What impressed me most was the quality of the final assignment work. We asked the students to analyse a large amount of data about house sales, taken from http://data.gov.uk/ and population counts for counties in England and Wales taken from the Guardian/ONS. They had to access the data as XML over a REST-ful API, and it would take them approximately 4 days to download all the data they'd need. We didn't tell them in advance how large the data was and how slow it would be to pull it from an API. Undergrads would have complained. These postgrads just got on with it and recognised that the real world will be like this. If your data is large and slow to acquire then you'll need to test on a small subset, check and log any errors and start the assignment early. The students produced some clean, structured and well commented code and many creative summary graphs showing off their data processing and data visualisation skills.

I hope they're having just as much fun on their other modules for this course. I'm really looking forward to running this one again next year.

Monday 9 March 2015

International Women's Day pub quiz

On Sunday 8th March 2015, Hannah Dee and I organised a pub quiz for International Women's Day. We wanted to highlight some famous women in science, but we don't expect people to know much about famous women in science. So how to do a quiz?

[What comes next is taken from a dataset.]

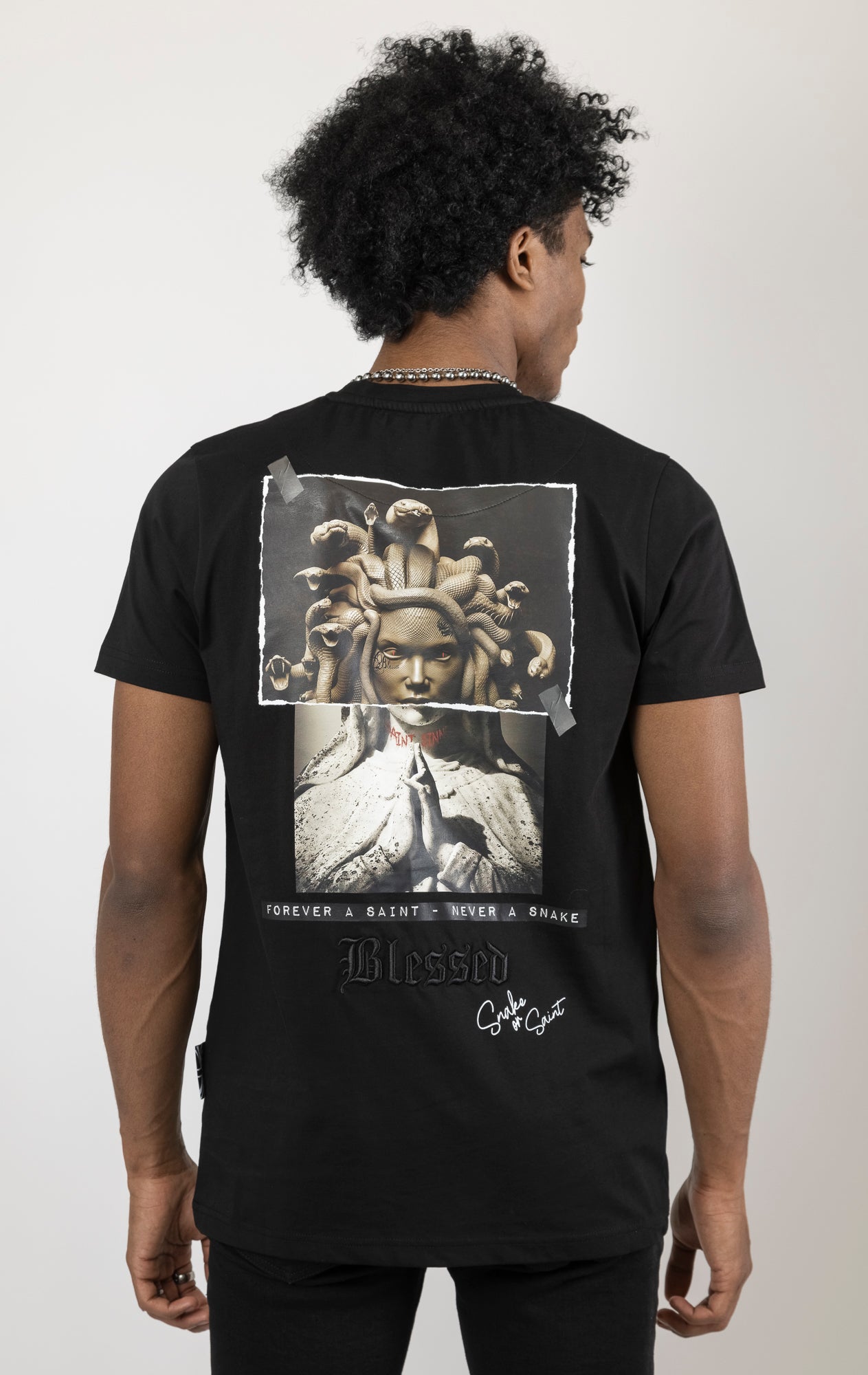 Men's regular fit t-shirt in black. The shirt features a slightly elongated sleeve, a fitted neckline, and a straight body. It has a "Forever a Saint, Never a Snake" digital print on the back with 3D "blessed" embroidery.  Made from 100% cotton.  A "blessed" slogan is printed on the inner neck binding and a woven side seam tab with "blessed" is also included.  The front features a "blessed" with a strikethrough design and the back neck features a signature "blessed" script print.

We themed 5 rounds around the women:

1) The Mary Anning fossil hunting round
A huge word search with many words related to Mary Anning's work and fossils to find (including "ichtheosaur" and "she sells sea shells", "on the sea shore".

2) The Amelia Earhart aviation round
Create paper aeroplanes that will travel from Europe (over here) to America (over there) and land within an area marked by a hula hoop. We should have had planes crossing the Atlantic in the other direction, but oh well, we're in west Wales.

3) The Caroline Herschel stargazing round
Early astronomy was often about spotting small differences in maps of the heavens. Thanks to heavens-above.com we had a copy of the sky map for the evening, and another copy that had been modified with gimp. Spot the difference! Three Gemini twins?

4) The Barbara McClintock genome round
Here we used C. Titus Brown's shotgunator to make a set of short reads from a few sentences about the work of Barbara McClintock. The teams had to assemble the genome to decipher the sentences. It must have seemed as if transposons were at work, because with a few repeated words the sentences they were constructing did get rather jumbled.



5) The Florence Nightingale data visualisation round
Finally the teams got to use a box of stuff (pipe cleaners, stickers, fluorescent paper, googly eyes, coloured pens) to make the most creative version of this year's HESA stats on women employed in higher education.

The scales of employment in HE


No trivia or celebrities in the quiz at all!